David Owen

Mumbai 2023, which we now know will take place in October, could well be the most interesting - and perhaps tense - International Olympic Committee (IOC) Session for some time.

Regardless of what is on the actual agenda, it seems inevitable that the Russia/Ukraine situation will cast a long, potentially divisive, shadow. 

For this reason, as they strive to put conditions in place to facilitate as full as possible a turnout of the world's best athletes at next year's Summer Games in Paris, IOC President Thomas Bach and his Lausanne-based colleagues may have reason to be thankful that this 140th Session was not earmarked for Europe or North America, the two chief centres of pro-Ukraine sentiment.

Asian nations have by and large adopted a more detached attitude towards the invasion, with India itself remaining neutral, while calling for a peaceful resolution.

Bach may need all the help he can get if he is to prevent Paris 2024 being marred by either a) a Ukraine-led boycott, b) a Russia-led boycott or c) repeated shows of public hostility directed at athletes emanating from Russia, irrespective of what colour of vest they happen to be wearing, with sport relegated to a sideshow.

The German's stint in the hottest seat in sport is, after all, entering its final stages, with his departure due in 2025, barring the unexpected.

This may make it increasingly difficult for him to maintain the iron grip he has exercised over the body he heads for a good few years now.

Indeed, Mumbai could be the forum at which manoeuvring by his would-be successors begins to break out into the open.

The Olympic Movement will gather in India for what could be a pivotal and tense IOC Session ©Getty Images
The Olympic Movement will gather in India for what could be a pivotal and tense IOC Session ©Getty Images

India will welcome Bach like a head of state and may be expected to do all in its power to make the meeting a glittering success.

Mumbai, on India's western coast, is the base of Mukesh Ambani, probably the richest man in Asia, and his wife Nita, who has been an IOC member since 2016.

The later-than-expected timing of the Session, which was originally to have been held in May, provides India with a month-long window in which to bask as a pre-eminent hub of global diplomacy, with New Delhi set to host the 18th G20 Summit in September.

One imagines this is very much in keeping with the status that Indian Prime Minister Narendra Modi believes is warranted in world affairs for the vibrant, fast-modernising yet astonishingly diverse nation he leads.
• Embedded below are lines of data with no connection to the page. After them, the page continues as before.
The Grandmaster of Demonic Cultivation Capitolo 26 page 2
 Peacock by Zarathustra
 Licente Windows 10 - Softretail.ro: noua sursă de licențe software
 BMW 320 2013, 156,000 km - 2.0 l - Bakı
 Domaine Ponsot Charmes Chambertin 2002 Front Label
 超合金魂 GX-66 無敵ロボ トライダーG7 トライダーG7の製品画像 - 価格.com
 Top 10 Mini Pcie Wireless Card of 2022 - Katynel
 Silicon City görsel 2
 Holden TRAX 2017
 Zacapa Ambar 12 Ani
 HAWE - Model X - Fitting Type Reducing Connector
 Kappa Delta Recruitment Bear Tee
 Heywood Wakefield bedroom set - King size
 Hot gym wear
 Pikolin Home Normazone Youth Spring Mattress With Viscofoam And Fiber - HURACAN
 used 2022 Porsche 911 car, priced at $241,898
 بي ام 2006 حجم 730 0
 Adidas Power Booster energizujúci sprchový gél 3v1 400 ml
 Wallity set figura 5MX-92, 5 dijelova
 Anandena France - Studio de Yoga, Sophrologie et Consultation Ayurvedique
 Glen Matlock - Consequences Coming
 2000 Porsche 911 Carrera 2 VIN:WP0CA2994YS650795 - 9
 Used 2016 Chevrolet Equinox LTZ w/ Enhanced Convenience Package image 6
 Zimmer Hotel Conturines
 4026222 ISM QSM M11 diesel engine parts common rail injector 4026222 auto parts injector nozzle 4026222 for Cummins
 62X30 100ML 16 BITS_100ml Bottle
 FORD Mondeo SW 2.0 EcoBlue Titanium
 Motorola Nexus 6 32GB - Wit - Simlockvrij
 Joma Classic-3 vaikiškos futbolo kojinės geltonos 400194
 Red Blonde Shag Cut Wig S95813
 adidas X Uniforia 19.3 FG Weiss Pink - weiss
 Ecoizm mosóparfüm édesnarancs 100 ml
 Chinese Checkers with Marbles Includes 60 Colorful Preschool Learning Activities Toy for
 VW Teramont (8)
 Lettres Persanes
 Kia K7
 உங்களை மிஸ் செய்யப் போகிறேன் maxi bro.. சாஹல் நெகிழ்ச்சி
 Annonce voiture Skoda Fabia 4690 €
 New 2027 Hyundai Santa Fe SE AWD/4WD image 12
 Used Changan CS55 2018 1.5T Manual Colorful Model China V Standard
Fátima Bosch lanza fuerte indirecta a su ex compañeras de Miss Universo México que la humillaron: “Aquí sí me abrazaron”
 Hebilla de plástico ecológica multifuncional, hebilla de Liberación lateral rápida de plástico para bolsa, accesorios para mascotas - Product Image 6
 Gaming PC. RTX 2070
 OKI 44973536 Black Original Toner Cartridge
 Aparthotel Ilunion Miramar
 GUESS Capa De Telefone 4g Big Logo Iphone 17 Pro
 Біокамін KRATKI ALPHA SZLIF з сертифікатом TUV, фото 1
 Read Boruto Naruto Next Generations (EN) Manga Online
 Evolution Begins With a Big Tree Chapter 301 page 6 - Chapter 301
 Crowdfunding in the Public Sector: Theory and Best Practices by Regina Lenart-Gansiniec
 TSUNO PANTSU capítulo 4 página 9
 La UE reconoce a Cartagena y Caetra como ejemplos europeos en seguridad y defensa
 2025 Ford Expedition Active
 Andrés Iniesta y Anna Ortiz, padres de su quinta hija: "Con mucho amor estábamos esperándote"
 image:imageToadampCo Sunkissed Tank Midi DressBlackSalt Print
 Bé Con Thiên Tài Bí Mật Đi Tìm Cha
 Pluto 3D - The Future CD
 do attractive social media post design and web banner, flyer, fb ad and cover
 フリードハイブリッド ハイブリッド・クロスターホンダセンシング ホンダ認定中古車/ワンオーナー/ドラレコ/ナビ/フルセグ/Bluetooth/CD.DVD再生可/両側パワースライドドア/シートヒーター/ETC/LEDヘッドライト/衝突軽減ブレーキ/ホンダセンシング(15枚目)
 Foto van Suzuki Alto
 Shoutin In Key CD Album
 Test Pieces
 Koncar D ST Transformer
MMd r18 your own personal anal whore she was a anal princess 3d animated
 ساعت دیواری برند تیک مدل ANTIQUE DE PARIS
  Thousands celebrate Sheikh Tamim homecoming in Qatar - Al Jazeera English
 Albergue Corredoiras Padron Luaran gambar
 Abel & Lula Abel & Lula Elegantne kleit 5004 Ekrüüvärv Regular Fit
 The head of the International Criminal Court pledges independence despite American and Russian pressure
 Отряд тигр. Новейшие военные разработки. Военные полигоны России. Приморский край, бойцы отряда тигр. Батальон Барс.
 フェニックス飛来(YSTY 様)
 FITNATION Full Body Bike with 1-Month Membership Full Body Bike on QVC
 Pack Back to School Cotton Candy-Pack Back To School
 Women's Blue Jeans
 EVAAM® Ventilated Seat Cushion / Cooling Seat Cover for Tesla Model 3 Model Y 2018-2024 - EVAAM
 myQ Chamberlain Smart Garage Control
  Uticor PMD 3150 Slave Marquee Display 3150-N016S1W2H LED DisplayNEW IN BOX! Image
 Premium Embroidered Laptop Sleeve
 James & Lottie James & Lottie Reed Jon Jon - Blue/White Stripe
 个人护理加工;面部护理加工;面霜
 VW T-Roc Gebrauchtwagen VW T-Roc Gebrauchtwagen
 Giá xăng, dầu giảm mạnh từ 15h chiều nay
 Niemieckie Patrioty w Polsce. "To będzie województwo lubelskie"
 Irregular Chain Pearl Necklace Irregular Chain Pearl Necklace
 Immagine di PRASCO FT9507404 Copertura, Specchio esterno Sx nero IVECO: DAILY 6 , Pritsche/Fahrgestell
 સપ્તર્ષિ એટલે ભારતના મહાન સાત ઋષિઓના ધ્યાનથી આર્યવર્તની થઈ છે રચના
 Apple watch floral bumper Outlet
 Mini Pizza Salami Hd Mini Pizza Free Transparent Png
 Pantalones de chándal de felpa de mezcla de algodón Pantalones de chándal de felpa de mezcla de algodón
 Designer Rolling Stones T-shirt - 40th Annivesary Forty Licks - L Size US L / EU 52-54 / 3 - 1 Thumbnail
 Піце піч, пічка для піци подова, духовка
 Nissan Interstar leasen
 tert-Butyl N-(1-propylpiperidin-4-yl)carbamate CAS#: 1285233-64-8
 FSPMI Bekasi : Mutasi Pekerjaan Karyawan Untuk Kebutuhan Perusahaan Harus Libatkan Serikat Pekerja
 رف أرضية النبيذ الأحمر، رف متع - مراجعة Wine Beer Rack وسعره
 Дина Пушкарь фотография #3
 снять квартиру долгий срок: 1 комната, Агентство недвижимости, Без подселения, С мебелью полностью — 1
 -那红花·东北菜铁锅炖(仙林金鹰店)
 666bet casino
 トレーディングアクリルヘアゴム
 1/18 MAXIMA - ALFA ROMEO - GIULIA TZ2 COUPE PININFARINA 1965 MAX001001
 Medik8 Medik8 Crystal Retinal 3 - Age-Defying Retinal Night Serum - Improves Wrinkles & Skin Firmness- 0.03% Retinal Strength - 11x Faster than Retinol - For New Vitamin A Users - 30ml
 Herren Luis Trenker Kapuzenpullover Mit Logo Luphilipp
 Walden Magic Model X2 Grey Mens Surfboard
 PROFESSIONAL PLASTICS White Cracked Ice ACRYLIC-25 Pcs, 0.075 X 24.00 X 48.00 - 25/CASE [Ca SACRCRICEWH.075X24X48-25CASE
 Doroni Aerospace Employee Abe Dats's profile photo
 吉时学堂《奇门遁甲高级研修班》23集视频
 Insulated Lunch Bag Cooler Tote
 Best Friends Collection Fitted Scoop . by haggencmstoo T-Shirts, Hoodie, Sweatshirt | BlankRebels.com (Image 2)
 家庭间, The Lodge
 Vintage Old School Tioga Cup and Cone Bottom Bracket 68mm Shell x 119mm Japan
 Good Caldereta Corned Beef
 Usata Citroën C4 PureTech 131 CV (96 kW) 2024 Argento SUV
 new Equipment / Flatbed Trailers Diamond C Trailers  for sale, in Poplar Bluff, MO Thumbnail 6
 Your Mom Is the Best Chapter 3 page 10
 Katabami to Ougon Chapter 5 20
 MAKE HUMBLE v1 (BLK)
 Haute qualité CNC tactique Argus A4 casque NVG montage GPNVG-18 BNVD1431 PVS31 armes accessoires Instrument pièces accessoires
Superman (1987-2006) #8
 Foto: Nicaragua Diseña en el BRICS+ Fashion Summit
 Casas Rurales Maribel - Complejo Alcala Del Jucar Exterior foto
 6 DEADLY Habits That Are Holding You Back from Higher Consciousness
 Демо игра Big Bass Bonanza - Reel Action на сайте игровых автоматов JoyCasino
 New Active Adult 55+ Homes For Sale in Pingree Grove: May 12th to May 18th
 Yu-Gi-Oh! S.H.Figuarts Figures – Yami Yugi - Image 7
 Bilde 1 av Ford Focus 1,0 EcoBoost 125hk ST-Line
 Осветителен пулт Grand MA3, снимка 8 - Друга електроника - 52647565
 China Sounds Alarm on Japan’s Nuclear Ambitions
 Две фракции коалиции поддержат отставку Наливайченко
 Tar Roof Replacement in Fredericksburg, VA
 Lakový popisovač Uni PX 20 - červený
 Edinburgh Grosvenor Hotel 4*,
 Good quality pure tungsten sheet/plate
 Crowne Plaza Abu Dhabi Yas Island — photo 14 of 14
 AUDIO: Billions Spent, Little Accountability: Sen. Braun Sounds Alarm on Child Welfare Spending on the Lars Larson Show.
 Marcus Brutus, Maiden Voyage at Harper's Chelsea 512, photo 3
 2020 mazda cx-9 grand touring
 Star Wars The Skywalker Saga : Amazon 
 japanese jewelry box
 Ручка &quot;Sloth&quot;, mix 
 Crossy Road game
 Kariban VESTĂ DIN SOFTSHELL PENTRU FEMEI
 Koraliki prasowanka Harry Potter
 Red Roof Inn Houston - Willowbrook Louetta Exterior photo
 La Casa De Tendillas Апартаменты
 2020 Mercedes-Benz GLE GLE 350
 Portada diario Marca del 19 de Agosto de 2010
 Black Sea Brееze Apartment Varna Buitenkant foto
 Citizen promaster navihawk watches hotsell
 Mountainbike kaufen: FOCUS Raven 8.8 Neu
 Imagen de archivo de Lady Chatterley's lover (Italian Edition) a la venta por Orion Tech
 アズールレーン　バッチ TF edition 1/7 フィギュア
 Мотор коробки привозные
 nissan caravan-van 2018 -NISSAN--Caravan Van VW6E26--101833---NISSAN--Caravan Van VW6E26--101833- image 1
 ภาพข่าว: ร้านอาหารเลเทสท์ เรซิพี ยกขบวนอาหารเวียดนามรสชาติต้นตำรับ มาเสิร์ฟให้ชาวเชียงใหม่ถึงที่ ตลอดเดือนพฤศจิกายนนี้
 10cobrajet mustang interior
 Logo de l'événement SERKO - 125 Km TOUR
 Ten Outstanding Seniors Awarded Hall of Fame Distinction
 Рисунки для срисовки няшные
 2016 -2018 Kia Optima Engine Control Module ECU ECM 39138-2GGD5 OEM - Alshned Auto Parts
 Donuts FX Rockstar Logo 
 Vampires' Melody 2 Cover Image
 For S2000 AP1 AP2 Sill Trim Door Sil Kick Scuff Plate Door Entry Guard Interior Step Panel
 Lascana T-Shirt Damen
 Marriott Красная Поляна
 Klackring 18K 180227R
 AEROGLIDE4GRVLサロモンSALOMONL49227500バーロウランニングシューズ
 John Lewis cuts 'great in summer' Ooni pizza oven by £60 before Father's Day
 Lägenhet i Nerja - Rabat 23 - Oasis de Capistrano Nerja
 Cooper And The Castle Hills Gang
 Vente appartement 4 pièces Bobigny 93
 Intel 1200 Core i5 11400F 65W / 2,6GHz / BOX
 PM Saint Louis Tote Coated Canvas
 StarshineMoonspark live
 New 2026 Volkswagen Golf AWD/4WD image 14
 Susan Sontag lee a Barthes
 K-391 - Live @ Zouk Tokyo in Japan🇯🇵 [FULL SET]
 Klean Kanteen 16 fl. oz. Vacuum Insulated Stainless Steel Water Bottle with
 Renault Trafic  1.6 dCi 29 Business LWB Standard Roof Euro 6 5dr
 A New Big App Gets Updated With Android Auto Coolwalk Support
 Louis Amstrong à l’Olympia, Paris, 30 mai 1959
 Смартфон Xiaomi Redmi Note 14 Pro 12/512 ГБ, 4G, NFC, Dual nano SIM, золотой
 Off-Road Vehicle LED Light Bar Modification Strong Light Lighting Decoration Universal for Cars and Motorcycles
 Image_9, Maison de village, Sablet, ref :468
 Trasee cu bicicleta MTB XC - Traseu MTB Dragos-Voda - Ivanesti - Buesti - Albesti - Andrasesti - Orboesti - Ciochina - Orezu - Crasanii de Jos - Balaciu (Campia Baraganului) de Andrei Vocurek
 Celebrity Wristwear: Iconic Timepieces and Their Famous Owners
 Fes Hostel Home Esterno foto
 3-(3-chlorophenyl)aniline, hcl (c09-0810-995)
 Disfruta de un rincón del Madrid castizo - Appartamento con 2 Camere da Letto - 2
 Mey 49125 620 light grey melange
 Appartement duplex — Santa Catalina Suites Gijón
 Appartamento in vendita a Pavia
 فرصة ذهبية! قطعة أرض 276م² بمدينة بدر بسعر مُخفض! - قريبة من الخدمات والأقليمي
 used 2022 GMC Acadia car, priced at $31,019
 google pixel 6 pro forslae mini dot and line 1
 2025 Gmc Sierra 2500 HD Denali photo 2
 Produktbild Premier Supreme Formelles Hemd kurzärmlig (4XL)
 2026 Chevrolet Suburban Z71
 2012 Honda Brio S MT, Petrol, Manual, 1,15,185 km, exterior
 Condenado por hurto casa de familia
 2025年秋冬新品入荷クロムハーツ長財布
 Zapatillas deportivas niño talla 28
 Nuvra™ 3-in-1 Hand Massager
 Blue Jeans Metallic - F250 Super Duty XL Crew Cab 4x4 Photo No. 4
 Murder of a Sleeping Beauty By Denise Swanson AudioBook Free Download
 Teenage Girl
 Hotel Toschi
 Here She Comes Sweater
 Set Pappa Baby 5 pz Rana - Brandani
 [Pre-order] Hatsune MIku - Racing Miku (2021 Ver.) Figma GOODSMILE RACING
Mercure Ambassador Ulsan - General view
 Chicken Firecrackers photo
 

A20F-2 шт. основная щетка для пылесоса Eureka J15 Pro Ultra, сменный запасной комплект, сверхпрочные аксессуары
He has spoken about India's G20 Presidency as "trying to provide a voice to the global south".

The country of 1.4 billion people now boasts the world's fifth-biggest national economy, with growth still thought to be motoring away at somewhere around six or seven per cent.

But, as is often the case with places that host IOC meetings, India seemingly has its own aims for what it hopes the Session might achieve.

Last December, Indian Sports Minister Anurag Thakur detailed plans to present a bid for the 2036 Olympic and Paralympic Games at the Mumbai Session.

He underlined Gujarat's interest in staging the Games, and said he was hopeful that the meeting would provide an opportunity to advance its plans.

He was quoted as describing 2036 - 140 years after the first modern Games in Athens - as "the right time to host the Games", while asking, "If India is making news in every sector from manufacturing to services, then why not in sports?"

Nita Ambani has been an IOC member since 2016 ©Getty Images
Nita Ambani has been an IOC member since 2016 ©Getty Images

An Indian Olympics, if successfully executed, would amount to a powerful symbol of the country's rising standing in the world, much as Beijing 2008 was for China.

And, while Lausanne would be anxious to get the timing right, an Indian Games also has much to commend it from an IOC viewpoint, in terms of expanding its global footprint and unlocking the sub-continent's considerable income-generation potential for the Olympic Movement.

It is 40 years since India hosted the 86th IOC Session in 1983.

That was in New Delhi, so we will have moved from the city of politics to the city of finance.

It could be argued that the IOC had experienced a similar trajectory over exactly the same stretch of time; but then came the Russian invasion of February 2022, and politics - all too abruptly - returned.